Si le juge d’instruction est souvent présenté comme un magistrat solitaire, les dossiers dévolus au service se prêtent souvent à la pratique de la cosaisine lorsque la gravité ou la complexité de l’affaire le justifie. Par ailleurs, le pôle financier dispose de plusieurs assistants spécialisés et attachés de justice qui apportent leur soutien aux magistrats instructeurs. Toutefois, avec un seul assistant spécialisé cyber actuellement, cette notion d’équipe autour du magistrat demeure peu étoffée alors que le service CFC fait pourtant face à des dossiers de plus en plus nourris sur un plan technique, ce qui n’est pas sans soulever quelques inquiétudes.
Ce service dispose de compétences particulières d’un point de vue géographique et matériel. Il instruit les dossiers au titre :
De la juridiction interrégionale spécialisée (JIRS) créée en 2004, pour les dossiers revêtant une grande complexité ; de la JUNALCO créée en 2019, opérant au tribunal judicaire de Paris exclusivement, en charge de la lutte contre la criminalité de très grande complexité ; de la compétence concurrente nationale (CCN) qui permet de centraliser des faits de nature cyber ayant lieu sur l’ensemble du territoire. Cette spécificité offre l’avantage de favoriser la cartographie des phénomènes criminels numériques, de permettre les rapprochements et de regrouper de manière cohérente les procédures afin d’élaborer une réponse pénale adaptée.
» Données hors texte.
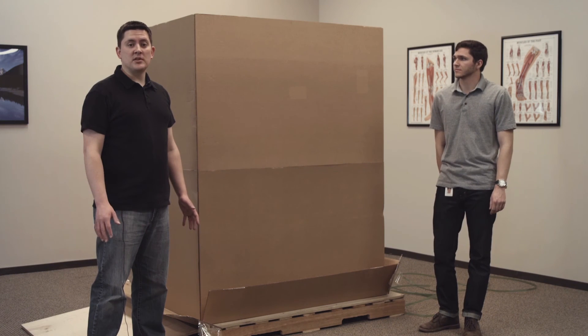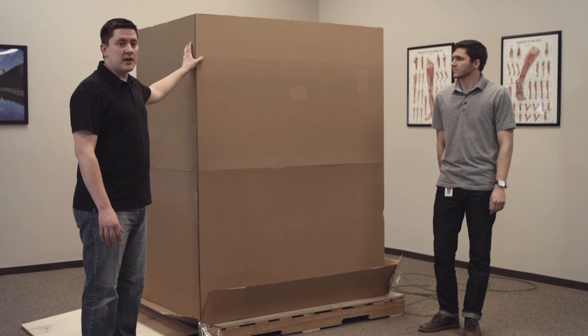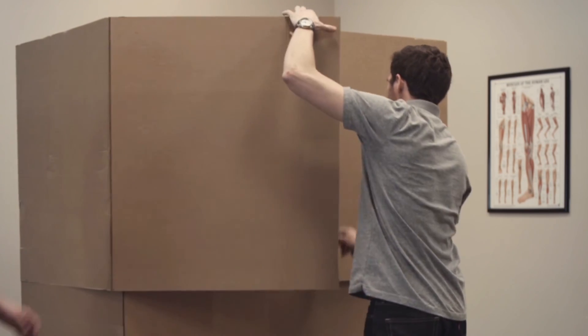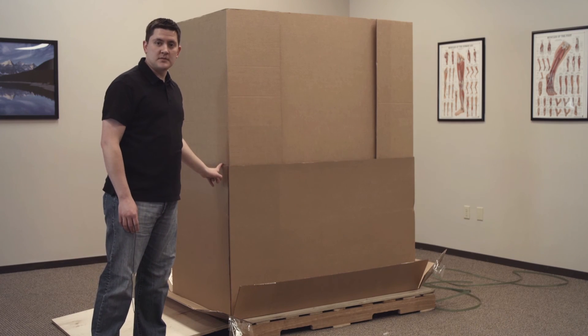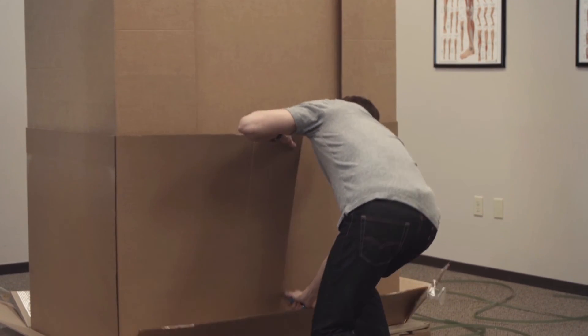The next step is to remove this outer layer of cardboard. We're just going to make a cut all the way from the top down to the middle where the first split is. There are two pieces, so we've got to remove the bottom one as well — I'm going to make a cut down the middle from the top to the bottom.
Panorama des types de dossiers traités
La cybercriminalité recouvre les crimes et délits commis à l’encontre ou par le biais des systèmes d’information. Le service CFC n’a donc pas vocation à traiter les affaires portant sur la haine et la diffamation en ligne, le cyberharcèlement et la pédopornographie en ligne notamment qui relèvent d’autres services de l’instruction.
L’essentiel des dossiers « cyber » traités par le service porte sur des infractions qui constituent le vecteur de la commission d’infractions relevant de la criminalité organisée et financière. Ainsi, le caractère hybride mentionné dans la dénomination du service trouve toute son expression. Au rang de ces dossiers, il est possible d’en établir une liste, non-exhaustive, qui occupe la majeure partie de nos cabinets : le déploiement de solutions de téléphonie chiffrée à des fins criminelles ; les atteintes aux systèmes de traitement automatisé de données (STAD) : rançongiciels ou faux supports informatiques ; les plateformes d’échanges de cryptoactifs (PSAN) qui contreviennent à la réglementation LBC-FT et participent à l’opacification des flux financiers illicites ; les escroqueries en bande organisée et fraudes de grande ampleur (notamment FOVI, fraude l’investissement du type pyramide de Ponzi ou pig butchering…).
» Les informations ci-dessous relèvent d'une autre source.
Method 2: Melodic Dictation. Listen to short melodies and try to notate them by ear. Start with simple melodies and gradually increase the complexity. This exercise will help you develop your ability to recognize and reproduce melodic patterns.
Ont été traitées et sont toujours en cours des informations judiciaires portant sur le déploiement, par des organisations souvent implantées hors du territoire national (en Amérique du Nord notamment), de solutions de téléphonie chiffrée extrêmement sophistiquées par le recours à plusieurs couches de chiffrement et à une infrastructure technique robuste. A titre d’exemple, un dossier, récemment clôturé à l’instruction, a nécessité un investissement conséquent sur cinq années et s’est articulé par la mise en place de méthodes de travail et d’une synergie adaptées pour répondre aux multiples défis soulevés (en terme de ressources humaines, techniques et d’entraide internationale). La mise à jour de très nombreux phénomènes criminels de haute intensité a ainsi permis et permet encore, d’initier, voire d’alimenter, un nombre significatif de dossiers incidents conduisant au démantèlement d’infrastructures criminelles et à des interpellations sur l’ensemble du globe (atteinte à la vie, trafic international de stupéfiants, blanchiment de capitaux…).
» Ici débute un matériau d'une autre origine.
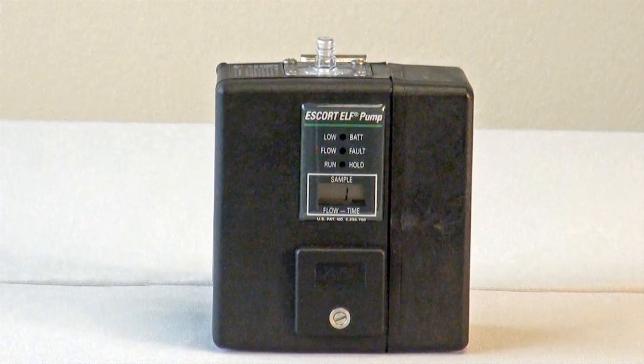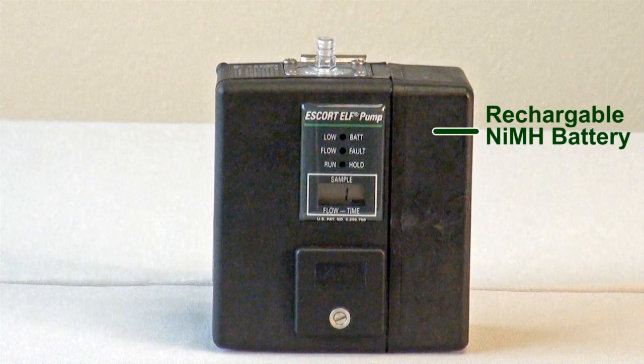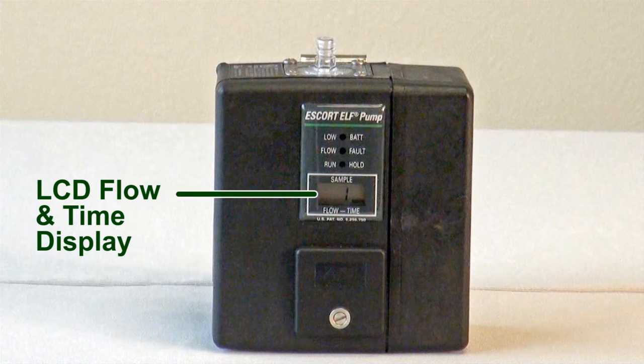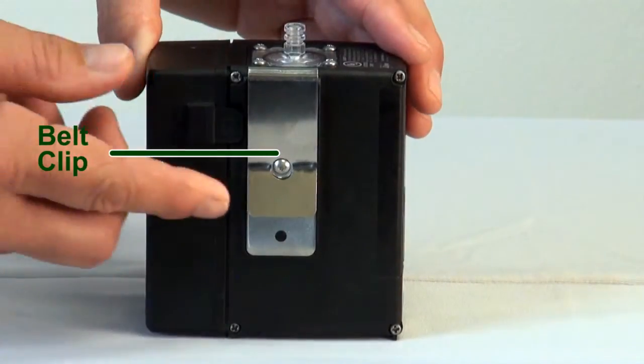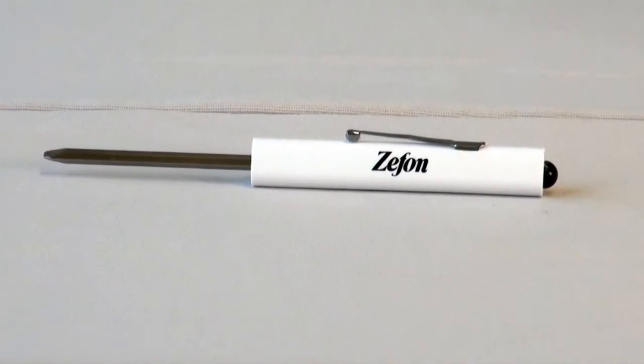Let's begin with a brief description of some of the key parts of the Escort Elf Pump: Inlet Cover, Rechargeable Nickel Metal Hydride Battery, LED Indicator Lights, LCD Flow and Time Display, Switch Cover, Control Buttons, Belt Clip, Battery Charging Jack, and Zeffon Reversible Screwdriver.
Les milliers d’interpellations, tant en France qu’à travers le monde, ont été sources d’un contentieux juridique au volume conséquent générant des jurisprudences très fournies, souvent novatrices, compte tenu des défis et problématiques posés par l’emploi de ces nouvelles technologies (portant notamment sur l’interception de masse ainsi que sur l’admissibilité des éléments de preuves recueillis au moyen d’interception et de captation judiciaires).
La quête d’anonymat se retrouve, par ailleurs, sur Internet par l’utilisation notamment de VPN qui, si elle n’est pas interdite, peut être utilisée pour masquer des activités illégales.
Si le nombre de cyberattaques ciblant les grandes enseignes ou entreprises est constant, on remarque que les groupes de rançongiciels ciblent de plus en plus les petites et moyennes entreprises en raison, sans doute, d’un moindre investissement de ces dernier dans la cyberdéfense. En effet, une simple analyse coûts-avantages oriente les cybercriminels vers les organisations disposant d’infrastructures moins sécurisées. La plupart des opérateurs de rançongiciels choisissent leurs cibles en fonction de la taille, de la probabilité d’un paiement et de l’effort requis pour compromettre les systèmes de la cible.
Le dark web, accessible principalement par le réseau Tor, constitue un catalyseur clé de la cybercriminalité, permettant aux délinquants de partager leurs connaissances, leurs outils et leurs services de manière plus dissimulée.
Les défis quotidiens auxquels nous sommes confrontés s’agissant du recueil de la preuve numérique dans le traitement des dossiers concernent principalement :
L’indisponibilité des données, en particulier lorsqu’elles sont supprimées, en raison de règles incohérentes et inadaptées en matière de durée de conservation des données à des fins répressives ;
l’impossibilité de récupération des données, en particulier en cas d’échec de l’extraction à partir d’un support numérique ; le caractère illisible / inintelligible des données, en raison du chiffrement ; l’impossibilité matérielle d’analyser les données dans toutes les situations ; la difficulté à obtenir les données, en raison de système juridiques différents.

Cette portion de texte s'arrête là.